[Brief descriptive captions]
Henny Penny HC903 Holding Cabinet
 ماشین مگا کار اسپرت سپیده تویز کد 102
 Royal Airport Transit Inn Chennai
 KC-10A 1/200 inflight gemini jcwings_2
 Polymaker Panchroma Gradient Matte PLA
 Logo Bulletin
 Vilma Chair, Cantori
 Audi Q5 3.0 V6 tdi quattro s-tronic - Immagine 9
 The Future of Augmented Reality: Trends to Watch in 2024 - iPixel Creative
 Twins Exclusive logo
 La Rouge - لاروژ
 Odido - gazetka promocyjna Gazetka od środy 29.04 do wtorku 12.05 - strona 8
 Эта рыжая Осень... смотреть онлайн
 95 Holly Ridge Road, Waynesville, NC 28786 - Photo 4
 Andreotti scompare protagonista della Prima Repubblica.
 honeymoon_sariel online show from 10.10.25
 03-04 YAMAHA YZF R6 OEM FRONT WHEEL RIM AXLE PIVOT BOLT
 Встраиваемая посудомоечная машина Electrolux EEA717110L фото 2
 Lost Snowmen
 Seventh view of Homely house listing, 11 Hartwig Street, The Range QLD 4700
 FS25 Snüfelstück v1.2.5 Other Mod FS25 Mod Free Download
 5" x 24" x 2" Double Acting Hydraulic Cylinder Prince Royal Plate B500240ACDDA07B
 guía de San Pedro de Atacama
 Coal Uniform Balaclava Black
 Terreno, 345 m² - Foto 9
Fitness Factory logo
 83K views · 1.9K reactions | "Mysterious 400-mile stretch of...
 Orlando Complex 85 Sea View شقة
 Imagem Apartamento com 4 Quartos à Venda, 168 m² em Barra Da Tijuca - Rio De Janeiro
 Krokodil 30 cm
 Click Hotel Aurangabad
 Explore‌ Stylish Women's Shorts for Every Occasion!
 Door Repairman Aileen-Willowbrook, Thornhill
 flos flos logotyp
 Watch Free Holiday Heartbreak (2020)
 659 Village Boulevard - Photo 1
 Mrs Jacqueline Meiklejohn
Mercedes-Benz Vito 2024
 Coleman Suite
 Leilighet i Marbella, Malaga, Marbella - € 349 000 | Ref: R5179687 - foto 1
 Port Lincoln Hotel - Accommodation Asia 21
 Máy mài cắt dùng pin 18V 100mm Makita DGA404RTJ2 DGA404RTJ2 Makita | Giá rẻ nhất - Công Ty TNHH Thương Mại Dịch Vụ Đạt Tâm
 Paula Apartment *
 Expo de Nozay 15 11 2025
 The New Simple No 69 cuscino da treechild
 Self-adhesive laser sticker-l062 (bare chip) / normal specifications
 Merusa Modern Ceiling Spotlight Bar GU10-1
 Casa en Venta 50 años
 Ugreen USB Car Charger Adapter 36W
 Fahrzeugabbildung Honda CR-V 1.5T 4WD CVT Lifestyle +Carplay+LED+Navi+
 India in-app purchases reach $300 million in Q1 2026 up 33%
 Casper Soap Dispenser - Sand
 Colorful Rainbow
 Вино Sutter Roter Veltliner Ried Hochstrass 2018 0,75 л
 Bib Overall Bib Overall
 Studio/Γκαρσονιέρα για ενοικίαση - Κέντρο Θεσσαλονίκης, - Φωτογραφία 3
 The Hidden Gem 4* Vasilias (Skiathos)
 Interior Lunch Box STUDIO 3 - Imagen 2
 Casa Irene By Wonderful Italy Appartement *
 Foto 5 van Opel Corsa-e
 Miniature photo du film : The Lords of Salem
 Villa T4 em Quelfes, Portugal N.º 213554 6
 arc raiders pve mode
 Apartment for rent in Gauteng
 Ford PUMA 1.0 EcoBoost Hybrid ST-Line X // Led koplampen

## WHAT THE TASK REQUIRES
Please report how many lines of the entries above contain the string "Apartment". Reply with only the number.

## ANSWER AREA
2